The issue in this case is whether the manner in which the jury was instructed by the court infringed upon Seymour's rights to a unanimous verdict and due process of law. Specifically, when a jury is instructed on the alternative means of committing theft under sec. 943.20(l)(b), Stats., should there be a second instruction that the jurors unanimously agree on the manner in which the statute was violated? Our examination of the legislative history of sec. 943.20, as well as the holdings in State v. Tappa, 127 Wis. 2d 155, 378 N.W.2d 883 (1985); State v. Genova, 77 Wis. 2d 141, 252 N.W.2d 380 (1977); and Jackson v. State, 92 Wis. 2d 1, 284 N.W.2d 685 (Ct. App. 1979), leads us to conclude that secs. 943.20(l)(a) and (b) must be construed identically. Each subsection uses words which were intended to describe independent offenses rather than simply delineating methods by which the same offense may be committed. Therefore, we affirm the decision of the court of appeals.

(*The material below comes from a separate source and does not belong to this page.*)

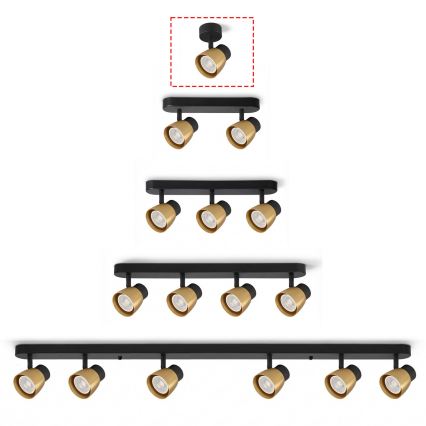 Brilagi - Ściemnialna oprawa punktowa LED RGBW NUGGET 1xGU10/6W/230V czarna/złota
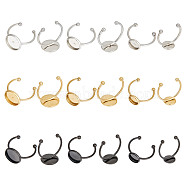 27Pcs 9 Style 304 Stainless Steel Open Cuff Rings Components, Pad Ring Base Settings, Flat Round, Mixed Color, Inner Diameter: 17.5~19mm, Tray: 8~12mm, 3Pcs/style(STAS-DC0015-41)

The facts of this case are as follows. Seymour was employed by Clower Construction and Development, Inc. (Clower Construction) as a carpenter in the fall of 1988. In the spring of 1989, Seymour began his own business, Seymour Enterprizes and Consultants. During that period, Seymour contacted Paul Clower (Clower) and persuaded him to incorporate his construction business, in addition to employing Seymour as an office manager and financial consultant on a part-time basis. As part of this one-year venture, Sey[687]*687mour was to handle the financial aspects of the business. Additionally, Seymour was to bill the services of his consulting company through Clower Construction. At the outset, Clower and Seymour established a $25,000 line of credit and four checking accounts. Seymour then obtained a second $25,000 line of credit for Seymour Enterprizes, which was occasionally used to supplement Clower Construction's cash flow.2
In February, 1990, Seymour and Clower terminated their business relationship following a period of difficulties which began the previous fall.3 In March, 1990, an examination of Clower's books revealed that [688]*688$15,000 had been transferred from the Clower Construction credit line or checking accounts into a Seymour Enterprizes checking account. Bank records indicated that on May 19, 1989, Seymour transferred the $15,000 from the Clower Construction credit line to the Clower Construction main checking account. From there, $10,000 was transferred to a Seymour Enter-prizes checking account, to which Clower did not have access. On May 24, 1989, Seymour issued a check, drawn on the Seymour Enterprizes account, in the amount of $7,000, for deposit into the Clower Construction checking account.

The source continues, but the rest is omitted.